Major IT hubs, including Bengaluru, Chennai and Pune, companies such as Infosys, HCLTech, TCS and Cognizant have scaled back on-campus food services as commercial LPG supplies tighten.

At Infosys, live cooking counters have been shut, with menus reduced to items that require minimal or no gas-based cooking.

“Most of the hot food is gone,” said a software engineer at Infosys’ Bengaluru campus. “You either get something very basic or you carry food from home.” Cognizant has gone a step further, informally encouraging employees to adopt a “bring your own food” approach, as part of contingency planning around fuel shortages.

At TCS and Wipro campuses, employees report that cafeteria offerings have been reduced to limited rice-based meals and pre-prepared items.

The disruption has, in some cases, extended beyond food. One of the major IT companies temporarily asked employees at its Chennai facility to work from home after cafeteria vendors were unable to operate due to a lack of LPG supply.

Vendors under pressure

The immediate stress point lies not within IT firms themselves, but in their vendor ecosystem.

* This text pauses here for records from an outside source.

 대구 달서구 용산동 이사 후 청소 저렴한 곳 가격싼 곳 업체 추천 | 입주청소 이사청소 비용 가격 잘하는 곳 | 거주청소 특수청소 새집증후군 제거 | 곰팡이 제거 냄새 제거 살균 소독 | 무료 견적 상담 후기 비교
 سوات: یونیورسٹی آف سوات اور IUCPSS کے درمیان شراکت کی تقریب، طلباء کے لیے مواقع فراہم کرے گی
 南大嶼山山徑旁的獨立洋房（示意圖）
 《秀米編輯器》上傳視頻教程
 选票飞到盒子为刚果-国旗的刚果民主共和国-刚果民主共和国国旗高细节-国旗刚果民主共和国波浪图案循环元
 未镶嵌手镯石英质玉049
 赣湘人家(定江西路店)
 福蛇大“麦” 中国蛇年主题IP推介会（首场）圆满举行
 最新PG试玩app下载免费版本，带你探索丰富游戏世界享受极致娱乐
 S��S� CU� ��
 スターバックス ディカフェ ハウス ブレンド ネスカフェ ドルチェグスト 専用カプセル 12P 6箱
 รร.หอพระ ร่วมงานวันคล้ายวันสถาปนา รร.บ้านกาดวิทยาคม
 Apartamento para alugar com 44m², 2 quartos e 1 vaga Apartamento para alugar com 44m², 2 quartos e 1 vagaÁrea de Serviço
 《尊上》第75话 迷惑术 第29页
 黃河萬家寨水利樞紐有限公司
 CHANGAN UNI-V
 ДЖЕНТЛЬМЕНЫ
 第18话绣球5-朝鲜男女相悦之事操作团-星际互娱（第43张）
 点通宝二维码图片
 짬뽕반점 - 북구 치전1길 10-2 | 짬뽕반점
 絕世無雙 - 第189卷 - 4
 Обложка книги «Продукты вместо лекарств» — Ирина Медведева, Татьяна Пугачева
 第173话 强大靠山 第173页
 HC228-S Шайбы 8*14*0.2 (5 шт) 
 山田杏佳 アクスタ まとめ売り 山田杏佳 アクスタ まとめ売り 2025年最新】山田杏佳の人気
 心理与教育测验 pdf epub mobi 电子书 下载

Corporate cafeterias, which rely heavily on commercial LPG cylinders, have struggled to maintain operations as supplies are diverted towards households.

“Kitchen vendors are the worst hit,” said Narayana Rao, a facilities executive working with IT parks in Bengaluru. “They don’t have the scale or backup systems to switch fuels quickly. So menus shrink, or operations pause.”

Some companies are attempting to adapt by shifting to electric cooking appliances or sourcing food from external kitchens that rely less on LPG, Rao said.

The broader LPG crisis has been driven by supply disruptions through key global routes, particularly the Strait of Hormuz, leading the government to prioritise household consumption over commercial use.

For the IT sector, this has translated into inconvenience rather than crisis.